Paradossalmente, l’emergenza palestinese non rappresenta più il pericolo numero uno. Resta, certo, il problema “storico” dello Stato ebraico. Ma che in un certo senso, si è cronicizzato e, come tale, viene affrontato. Bisogna conviverci e Israele si è adattato, in tutta e per tutto, a questa esigenza. Nel bene e nel male. No, quello che toglie il sonno ai governi israeliani degli ultimi quattro lustri è l’azzardo nucleare iraniano.
Parliamo di azzardo perché, a scomporre e ricomporre tutte le tessere del mosaico, si intuisce subito che ci troviamo di fronte a una vera e propria partita di “risiko”. A Vienna gli ayatollah camminano sulla corda della trattativa, con la perizia di in funambolo. Un passo avanti e uno indietro, lasciano intendere di non essere più intransigenti come qualche settimana fa. Il loro negoziatore, Bagheri Kani, ha fatto capire che anche sulle sanzioni economiche si può trovare un compromesso soddisfacente per tutti. Vogliono guadagnare tempo? Forse. Ma intanto stanno spaccando il fronte degli strateghi avversari.
Secondo gli analisti, dentro il governo di Gerusalemme si sarebbero create tre fazioni, ognuna portatrice di una diversa linea di condotta.
Colpisce, invece, il silenzio del Ministro della Difesa, Benny Gantz, attento a non esporsi troppo e, soprattutto, a non inimicarsi gli americani. Fondamentalmente, l’ostacolo principale sembra proprio questo. Nell’anno delle elezioni di Medio termine, Joe Biden non gradirebbe molto essere coinvolto, direttamente o indirettamente, in un conflitto nel Golfo Persico. È chiaro che, a questo punto, nella complessa architettura diplomatica che si va costruendo intorno alla crisi, entrano in campo, a Gerusalemme, anche (e soprattutto) grandi manovre di politica interna.
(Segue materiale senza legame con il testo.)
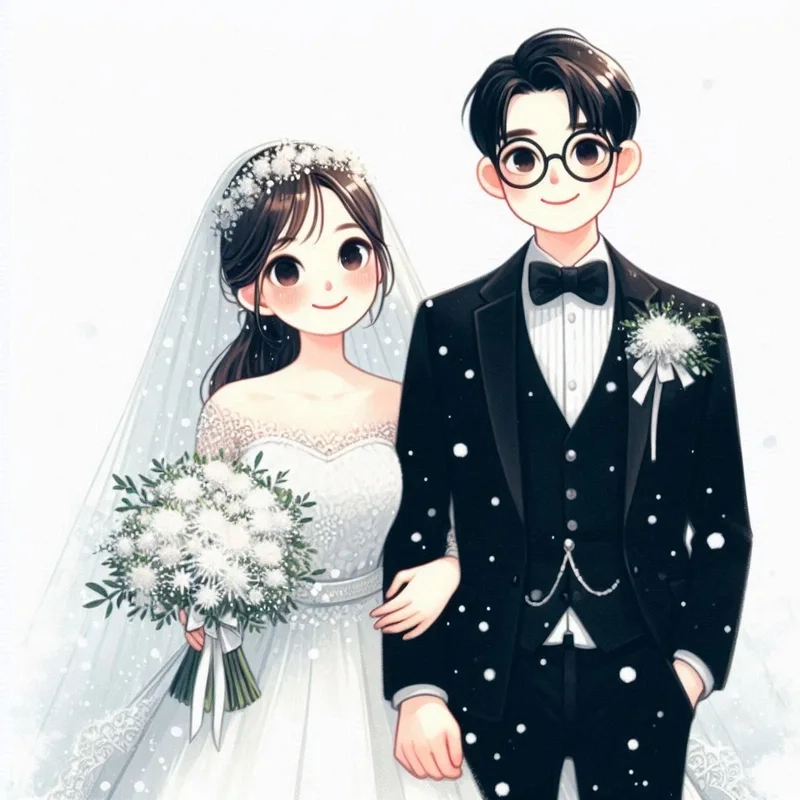 Vẽ chú rể và cô dâu theo phong cách chibi đáng yêu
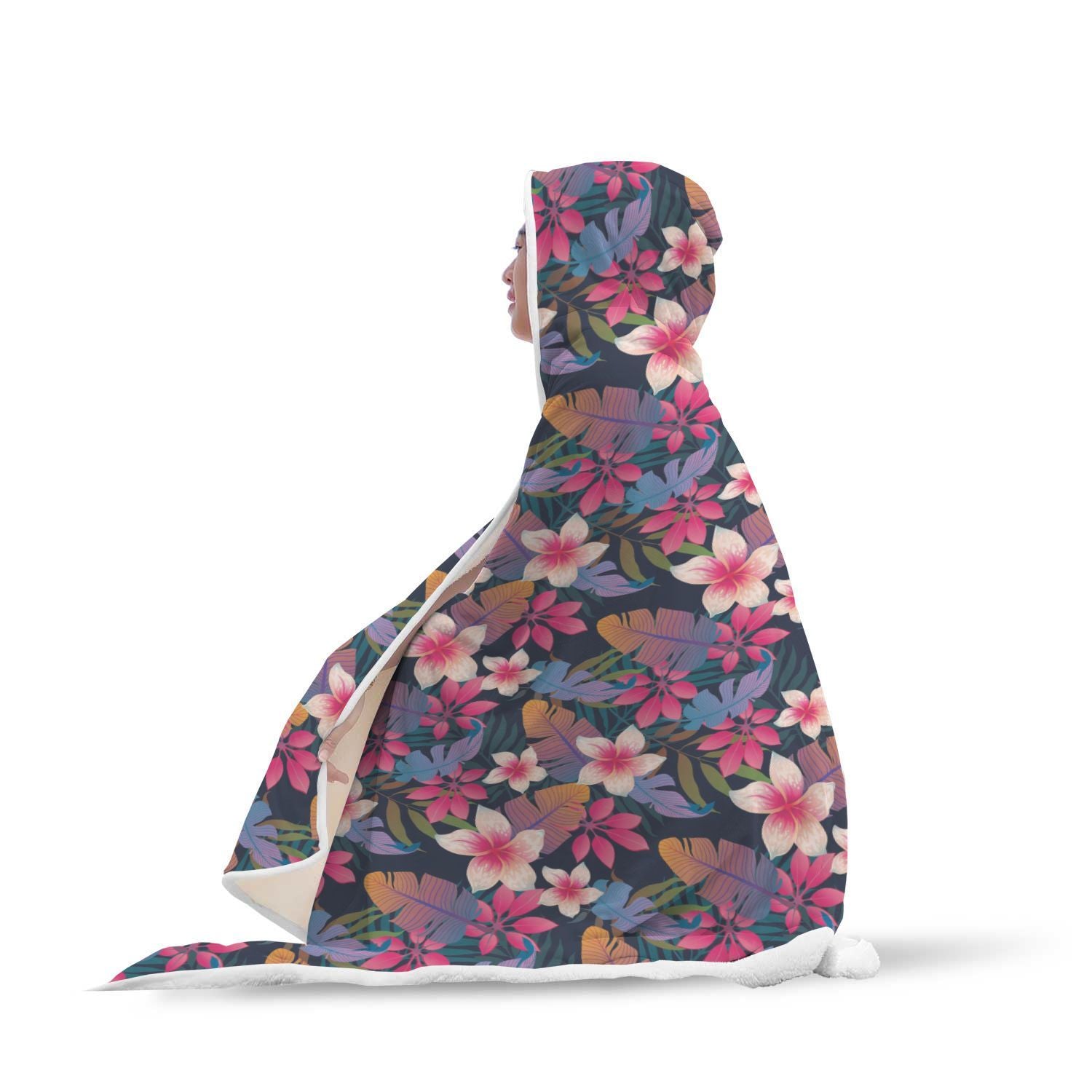 Hawaiian Floral Tropical Flower Hibiscus Palm Leaves Pattern Print Hooded Blanket-grizzshop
Gantz sta cercando di diventare l’ago della bilancia all’interno del governo israeliano, sempre più in allarme per le mosse degli iraniani. Recentemente, ha visto il leader palestinese Abu Mazen, e sta cercando di coprirsi le spalle in Cisgiordania e nella Striscia di Gaza, per dedicarsi soprattutto al controllo del Golan e dell’Alta Galilea. Secondo molti osservatori, aspira a diventare premier. Per questo ha assoluto bisogno di almeno due cose: un imprimatur di Biden e, sembra inutile dirlo, di evitare qualsiasi forma di conflitto con Teheran.